This country's entire attitude toward majority (chronological, not political) and adulthood is completely out of whack. To your example I could add that in most states, the 19 year old boy who engages in consensual sex with the 15 year old girl rots in jail while the girl runs scot-free. Please don't anyone try to tell me that 15 year old girls in general are any more unaware of or unprepared for the consequences of their actions than is the 19 year old boy. We can also add the ridiculous fact that we'll send an 18 year old to fight and die in Iraq, but we won't let them have a beer when they get home.

My preference would be to adopt the Hebrew model: Majority is reached at age 13. Emancipation, however, occurs at the will of the parent. I also think that as long as lawyers have decided to nose their way into internal family matters that we should formalize emancipation. But that is another topic entirely.

As to the remainder of your response, I couldn't agree more, but I have to ask, will anything come of this? I read a lot of righteous indignation in conservative circles, but I hear no hue and cry among the general public.

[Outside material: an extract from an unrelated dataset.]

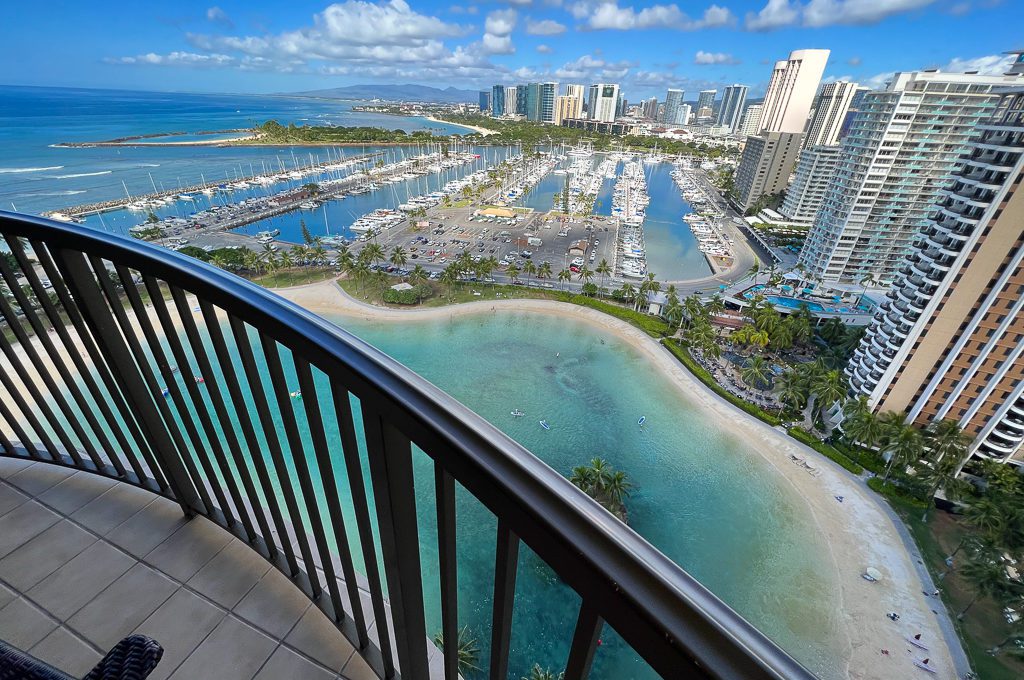 Hilton Hawaiian Village Waikiki Beach balcony lagoon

We know our elected officials are far too cowardly to move on their own and the populace has been generally apathetic on this kind of subject.

Right now this remains a legal abstraction to Joe Sixpack. Until an attempt is made by a mainstream outlet to couch it in terms that those who didn't pay attention in Civics class will understand, I don't see much of anything happening to change the ruling or the arrogance of the court.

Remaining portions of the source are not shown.